Une grande partie de l’industrie minière à Madagascar n’est pas officielle, et donc non réglementée. Les conséquences sont donc graves, tant sur le plan environnemental que sur le plan social. Même lorsque les sites miniers sont éloignés, souvent à des heures ou même des jours de marche des villes voisines, chacun vit au rythme de la mine pendant les pics d’activité. Cela peut perturber l’économie locale : le prix du poulet peut par exemple tripler, car ceux-ci sont faciles à apporter sur les sites miniers et à conserver s’ils sont gardés vivants. Le crime, la prostitution (les mineurs sont principalement des hommes) et le travail des enfants augmentent aussi en conséquence.
Près de la ville d’Andilamena, à environ 110 kilomètres au nord de la capitale régionale d’Ambatondrazaka, ce phénomène a eu lieu à plusieurs reprises. La ruée, l’argent, la migration de masse. Ensuite, la mine périclite et disparaît, ou bien une autre mine apparaît ailleurs, avec de nouvelles promesses d’argent facile. Et tout cela retombe comme un soufflé. Puis, quelques années plus tard, le cycle recommence.
Tout cela m’a rendu curieux : qu’arrive-t-il après la fermeture d’un site minier ? Pour ceux qui restent ? Car tous ne partent pas.

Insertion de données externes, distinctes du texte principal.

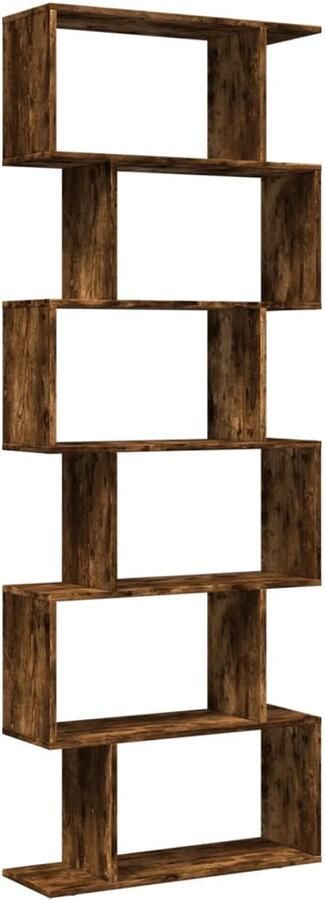 VidaXL Boekenkast 6-laags 70x24x193 cm Gerookt Eiken Boekenkast Boekenkasten Boeken Plank Schappenkast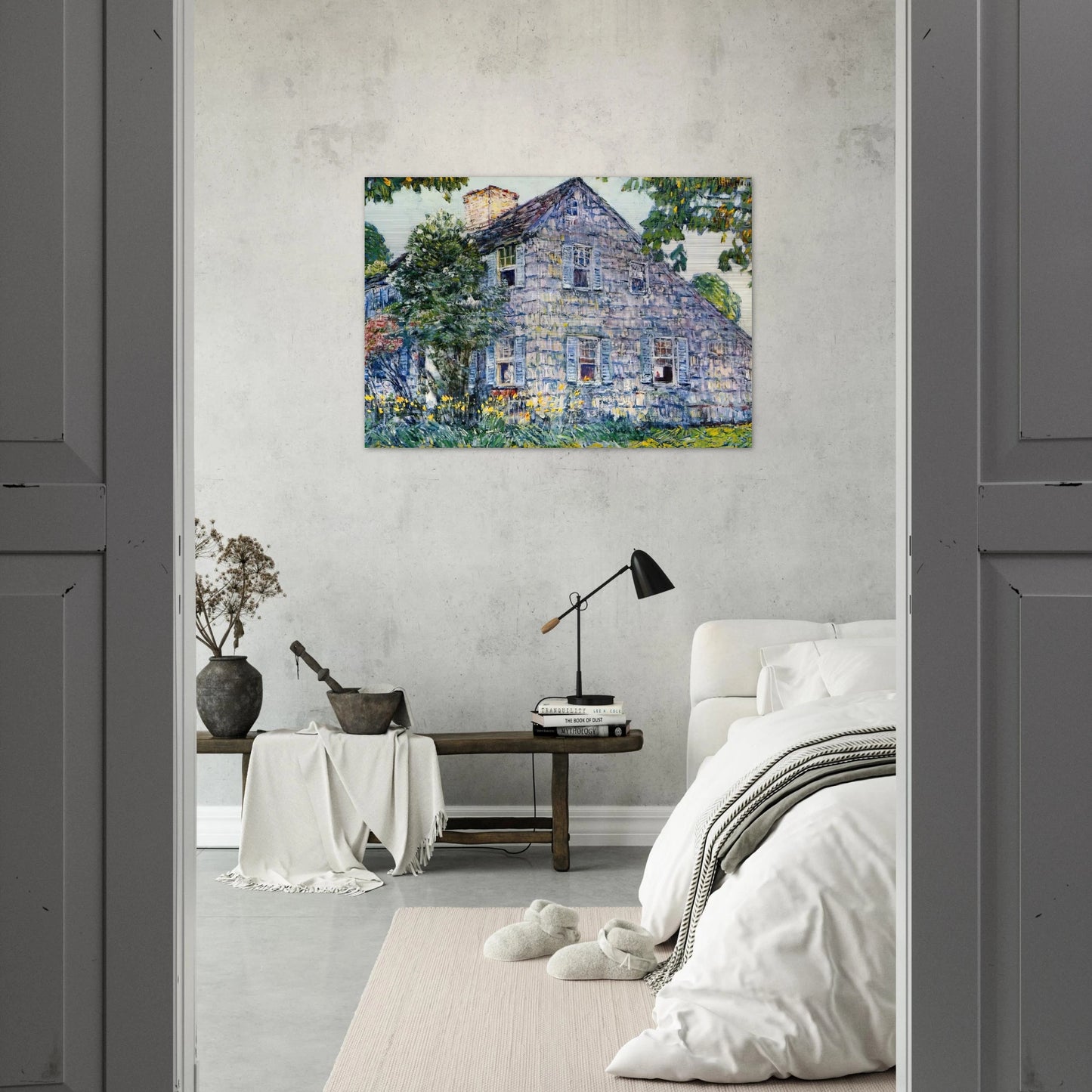Old House, East Hampton - Childe Hassam Brushed Aluminum Print - 70x100 cm / 28x40 inches | Childe Hassam Aluminum Print | Childe Hassam Prints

Les catastrophes environnementales et sociales qui découlent d’une mine en activité ont été bien documentées à travers tout le pays. Mais l’on examine rarement leurs effets sur le long terme.
J’ai passé plusieurs mois dans la région d’Alaotra-Mangoro vers la fin 2016, dans le cadre d’un projet de trois ans que j’avais entrepris pour le projet scientifique AlaReLa (Alaotra Resilience Landscape, mené par l’ETH de Zürich, Suisse). Mon rôle était de faire de la photographie d’inspiration ethnographique sur les sites du projet, avec les habitants et les chercheurs. La zone d’étude du projet est située à quelque 200 kilomètres au nord-est d’Antananarivo, capitale de Madagascar, et est considérée comme le grenier à riz du pays. C’est également une région très riche en biodiversité. Son résident le plus emblématique est le « bandro » (Hapalemur alaotrensis), un lémurien endémique des alentours du lac Alaotra, en danger critique d’extinction. De plus, la forêt à l’est du lac est en grande partie incluse dans le parc national de Zahamena, qui fait partie du corridor Ankeniheny-Zahamena, une zone strictement protégée. Du moins sur le papier, car plusieurs sites miniers sont, ou ont été, exploités dans ce corridor, le plus récemment à Didy, à la fin de l’année dernière.
Au cours de l’une de mes immersions en brousse, j’ai visité la ville minière endormie d’Andilamena. Autour, j’ai photographié une mine de pierres précieuses presque totalement abandonnée, une carrière de quartz encore en activité, ainsi que des villages et chemins de traverse. J’ai essayé de comprendre les options qui restent pour les populations locales, maintenant que l’extraction de gemmes dans les environs immédiats est en récession. Certains résidents travaillaient dans les carrières légales de pierres semi-précieuses. D’autres ont trouvé un emploi dans les entreprises locales, principalement associées à l’élevage et à l’agriculture. Et certains ont rejoint une autre mine active, telle que celle de Didy (à environ 130 kilomètres) mentionnée précédemment. J’ai interviewé et photographié en tout une quarantaine de personnes : des mineurs, d’anciens mineurs, des personnes qui se sont enrichies par ce biais et d’autres qui ont tout perdu.